Et elle ne s’était constituée qu’à la faveur d’une accalmie relative — des années sans blanchissement majeur, pendant lesquelles les Acropora, des coraux à croissance rapide, avaient pu repeupler les récifs. Ce sont précisément ces coraux-là qui ont le plus souffert en 2024. La résilience observée ces dernières années n’était donc pas une stabilisation durable ; c’était une parenthèse. La fenêtre de récupération se referme avant même que les coraux aient eu le temps de véritablement s’établir.
Le blanchissement de 2024–2025 ne s’est pas produit en vase clos. Il fait partie d’un épisode mondial de blanchissement qui a débuté en janvier 2023 et qui, selon la NOAA, a touché 84 % des récifs coralliens de la planète à travers 82 pays et territoires. C’est une proportion sans équivalent dans l’histoire de la surveillance des récifs : l’épisode de 1998 n’avait concerné que 21 % des récifs mondiaux, celui de 2010 en avait atteint 37 %, et l’événement de 2014–2017, jusque-là le plus grave, avait impacté 68 %.

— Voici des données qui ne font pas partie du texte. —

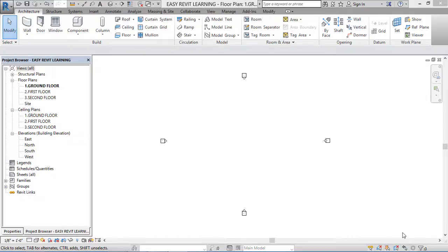Hello friends, today in this tutorial we are going to learn about how to create grid lines in Revit software. Grid lines — we call them axis lines sometimes, reference lines, or center lines — but in Revit software we call them grid lines. Grid lines are used as reference lines.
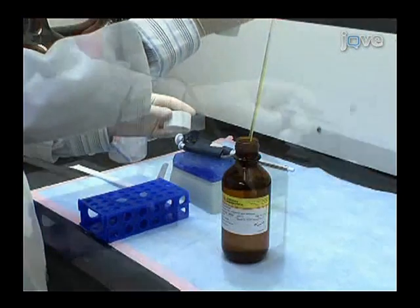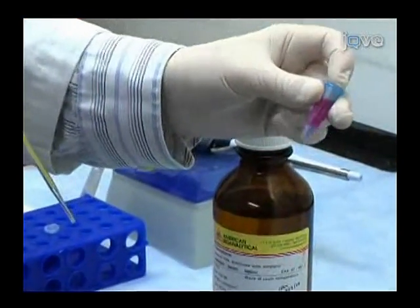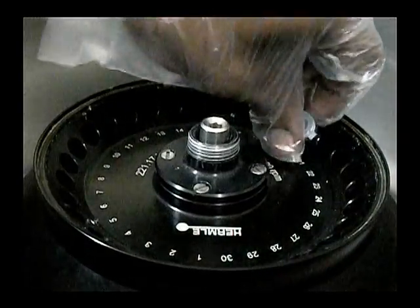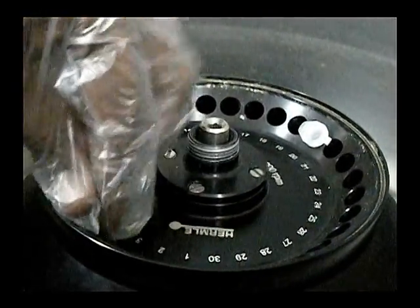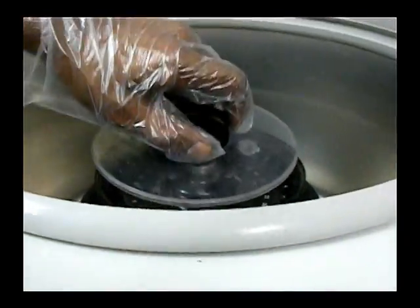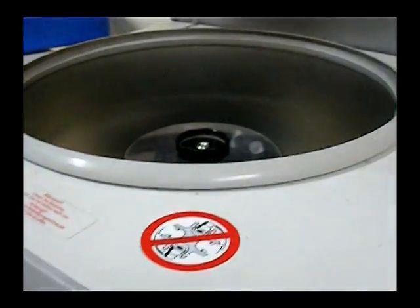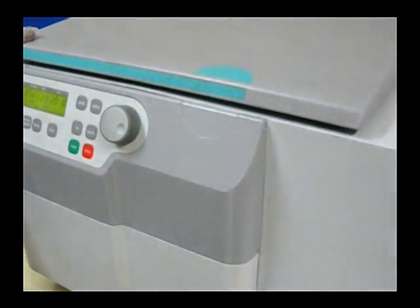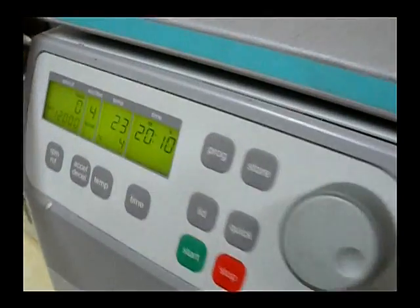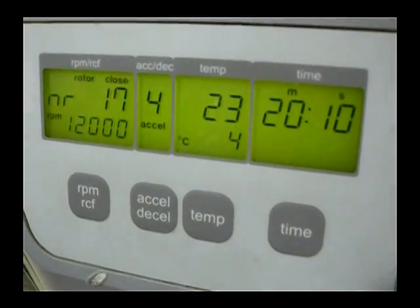Followed by 0.2 ml of phenol chloroform and incubation at room temperature for 2 minutes. Now the mixture is subjected to centrifugation at 12,000 RPM for 20 minutes in ice-cold conditions.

Devant l’ampleur de l’actuelle crise, la NOAA a dû ajouter trois nouveaux niveaux d’alerte à son système de surveillance, pour couvrir des situations où la mortalité potentielle dépasse 80 % sur certains récifs. C’est difficile de ne pas percevoir dans cette décision quelque chose de profondément troublant — comme si les outils scientifiques eux-mêmes devaient s’adapter à une réalité que personne n’avait vraiment anticipée aussi vite.
La Grande Barrière n’est pas condamnée, et les scientifiques sont les premiers à le rappeler. Après le pic de blanchissement de 2024, environ 16 % des colonies suivies montraient des signes de récupération en juillet de la même année. Blanchissement ne signifie pas mort immédiate. Mais la condition de cette récupération — que les températures redescendent suffisamment vite, et pour assez longtemps — est de moins en moins souvent réunie.
L’intervalle moyen entre deux épisodes massifs sur la Grande Barrière a été divisé par deux depuis 1980. En 2016–2017, puis en 2024–2025, la barrière a subi deux blanchissements consécutifs. C’est la deuxième fois en dix ans que cela se produit. Les coraux ont besoin d’une décennie, parfois davantage, pour récupérer pleinement. À ce rythme, ils n’ont plus le temps.
Mike Emslie, responsable du programme de surveillance à long terme de l’AIMS, a dit simplement à l’AFP que « la cause numéro un est le changement climatique ». Ce n’est pas une formulation nouvelle. Ce qui change, c’est que les données l’illustrent désormais avec une clarté que même les plus sceptiques ont du mal à contester. L’Union internationale pour la conservation de la nature estimait en novembre 2024 que plus de 40 % des espèces de coraux tropicaux sont désormais menacées d’extinction.
La Grande Barrière, inscrite au Patrimoine mondial de l’Unesco depuis 1981, abrite à elle seule une fraction considérable de cette biodiversité. Ce qu’elle devient dans les prochaines décennies dépend moins de ce que les scientifiques observeront que de ce que les gouvernements décideront.